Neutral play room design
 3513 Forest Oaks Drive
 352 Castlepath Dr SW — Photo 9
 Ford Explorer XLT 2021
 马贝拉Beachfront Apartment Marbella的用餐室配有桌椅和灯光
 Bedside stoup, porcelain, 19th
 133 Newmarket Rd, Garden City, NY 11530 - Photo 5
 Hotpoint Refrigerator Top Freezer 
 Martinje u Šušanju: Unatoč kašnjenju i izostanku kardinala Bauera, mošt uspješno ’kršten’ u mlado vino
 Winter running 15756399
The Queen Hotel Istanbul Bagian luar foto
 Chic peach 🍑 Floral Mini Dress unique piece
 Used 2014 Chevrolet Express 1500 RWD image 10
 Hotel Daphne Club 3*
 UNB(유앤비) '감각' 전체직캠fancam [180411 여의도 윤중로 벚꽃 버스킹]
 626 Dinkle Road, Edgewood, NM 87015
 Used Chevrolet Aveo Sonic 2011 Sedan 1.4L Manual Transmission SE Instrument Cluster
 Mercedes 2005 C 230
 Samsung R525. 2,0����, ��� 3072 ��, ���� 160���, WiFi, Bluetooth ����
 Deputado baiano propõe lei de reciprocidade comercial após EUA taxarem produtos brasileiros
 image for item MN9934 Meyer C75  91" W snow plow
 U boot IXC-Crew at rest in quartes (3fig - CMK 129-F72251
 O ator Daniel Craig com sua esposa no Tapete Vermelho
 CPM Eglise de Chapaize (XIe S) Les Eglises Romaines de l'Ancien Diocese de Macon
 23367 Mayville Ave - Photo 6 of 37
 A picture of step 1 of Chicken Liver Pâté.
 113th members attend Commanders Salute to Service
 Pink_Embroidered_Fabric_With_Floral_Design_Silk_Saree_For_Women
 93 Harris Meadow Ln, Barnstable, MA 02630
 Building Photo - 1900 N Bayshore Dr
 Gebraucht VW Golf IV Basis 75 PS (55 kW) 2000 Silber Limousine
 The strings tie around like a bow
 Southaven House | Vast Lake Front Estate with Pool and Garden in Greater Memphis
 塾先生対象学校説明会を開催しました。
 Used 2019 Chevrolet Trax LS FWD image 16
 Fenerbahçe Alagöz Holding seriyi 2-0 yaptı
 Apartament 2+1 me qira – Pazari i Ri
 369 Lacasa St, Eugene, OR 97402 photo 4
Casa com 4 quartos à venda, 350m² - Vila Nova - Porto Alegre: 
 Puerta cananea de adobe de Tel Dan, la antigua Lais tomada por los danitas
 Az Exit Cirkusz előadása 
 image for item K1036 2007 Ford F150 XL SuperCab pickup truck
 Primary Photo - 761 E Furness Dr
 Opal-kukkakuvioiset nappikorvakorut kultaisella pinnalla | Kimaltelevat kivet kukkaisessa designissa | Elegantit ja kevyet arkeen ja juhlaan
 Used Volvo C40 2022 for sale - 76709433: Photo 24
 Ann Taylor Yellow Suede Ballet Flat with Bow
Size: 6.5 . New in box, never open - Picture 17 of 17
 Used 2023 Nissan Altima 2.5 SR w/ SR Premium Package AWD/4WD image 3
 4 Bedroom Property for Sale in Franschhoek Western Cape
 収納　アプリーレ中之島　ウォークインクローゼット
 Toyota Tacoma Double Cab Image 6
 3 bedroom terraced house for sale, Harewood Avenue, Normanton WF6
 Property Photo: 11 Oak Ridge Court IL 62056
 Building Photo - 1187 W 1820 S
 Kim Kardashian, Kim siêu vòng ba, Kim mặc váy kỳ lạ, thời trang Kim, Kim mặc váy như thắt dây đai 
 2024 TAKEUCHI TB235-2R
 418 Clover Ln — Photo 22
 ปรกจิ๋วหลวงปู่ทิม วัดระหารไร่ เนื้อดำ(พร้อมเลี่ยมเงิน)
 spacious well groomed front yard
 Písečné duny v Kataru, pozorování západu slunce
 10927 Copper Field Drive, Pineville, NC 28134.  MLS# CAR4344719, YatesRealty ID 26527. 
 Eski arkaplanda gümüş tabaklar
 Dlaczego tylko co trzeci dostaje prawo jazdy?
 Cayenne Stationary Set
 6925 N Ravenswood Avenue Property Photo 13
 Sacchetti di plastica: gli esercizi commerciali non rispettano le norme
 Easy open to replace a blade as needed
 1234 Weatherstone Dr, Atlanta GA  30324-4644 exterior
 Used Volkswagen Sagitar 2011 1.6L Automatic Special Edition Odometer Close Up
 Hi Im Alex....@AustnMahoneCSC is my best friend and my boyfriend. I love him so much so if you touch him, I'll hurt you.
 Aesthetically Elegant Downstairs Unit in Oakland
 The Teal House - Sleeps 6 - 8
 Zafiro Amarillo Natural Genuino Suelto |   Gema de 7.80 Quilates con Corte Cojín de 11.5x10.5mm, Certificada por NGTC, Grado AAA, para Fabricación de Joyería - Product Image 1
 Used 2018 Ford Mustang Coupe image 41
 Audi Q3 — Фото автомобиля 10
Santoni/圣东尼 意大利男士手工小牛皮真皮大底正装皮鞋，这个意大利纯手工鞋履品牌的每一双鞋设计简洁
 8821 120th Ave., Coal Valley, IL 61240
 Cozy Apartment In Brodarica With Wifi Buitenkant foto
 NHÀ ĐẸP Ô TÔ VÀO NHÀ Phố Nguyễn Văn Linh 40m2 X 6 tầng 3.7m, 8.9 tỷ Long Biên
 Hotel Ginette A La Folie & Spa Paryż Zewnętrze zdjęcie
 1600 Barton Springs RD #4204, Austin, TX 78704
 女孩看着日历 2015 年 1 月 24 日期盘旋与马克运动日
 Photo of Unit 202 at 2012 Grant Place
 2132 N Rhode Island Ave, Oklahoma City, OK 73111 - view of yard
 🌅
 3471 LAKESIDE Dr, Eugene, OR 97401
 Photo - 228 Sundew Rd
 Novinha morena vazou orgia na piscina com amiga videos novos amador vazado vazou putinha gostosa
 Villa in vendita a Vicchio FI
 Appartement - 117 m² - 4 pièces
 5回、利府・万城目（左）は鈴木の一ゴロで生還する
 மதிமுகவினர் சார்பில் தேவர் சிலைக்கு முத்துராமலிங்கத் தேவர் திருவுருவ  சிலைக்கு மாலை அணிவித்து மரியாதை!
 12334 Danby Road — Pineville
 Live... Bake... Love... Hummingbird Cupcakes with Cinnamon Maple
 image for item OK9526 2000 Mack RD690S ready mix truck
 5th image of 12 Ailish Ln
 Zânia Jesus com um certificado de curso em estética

#### Exercise directions:
Take the lines above from the one containing "NHÀ ĐẸP Ô TÔ" to the one containing "12334 Danby Road — Pineville" and retype them exactly, both ends included, with nothing added.

#### The answer:
 NHÀ ĐẸP Ô TÔ VÀO NHÀ Phố Nguyễn Văn Linh 40m2 X 6 tầng 3.7m, 8.9 tỷ Long Biên
 Hotel Ginette A La Folie & Spa Paryż Zewnętrze zdjęcie
 1600 Barton Springs RD #4204, Austin, TX 78704
 女孩看着日历 2015 年 1 月 24 日期盘旋与马克运动日
 Photo of Unit 202 at 2012 Grant Place
 2132 N Rhode Island Ave, Oklahoma City, OK 73111 - view of yard
 🌅
 3471 LAKESIDE Dr, Eugene, OR 97401
 Photo - 228 Sundew Rd
 Novinha morena vazou orgia na piscina com amiga videos novos amador vazado vazou putinha gostosa
 Villa in vendita a Vicchio FI
 Appartement - 117 m² - 4 pièces
 5回、利府・万城目（左）は鈴木の一ゴロで生還する
 மதிமுகவினர் சார்பில் தேவர் சிலைக்கு முத்துராமலிங்கத் தேவர் திருவுருவ  சிலைக்கு மாலை அணிவித்து மரியாதை!
 12334 Danby Road — Pineville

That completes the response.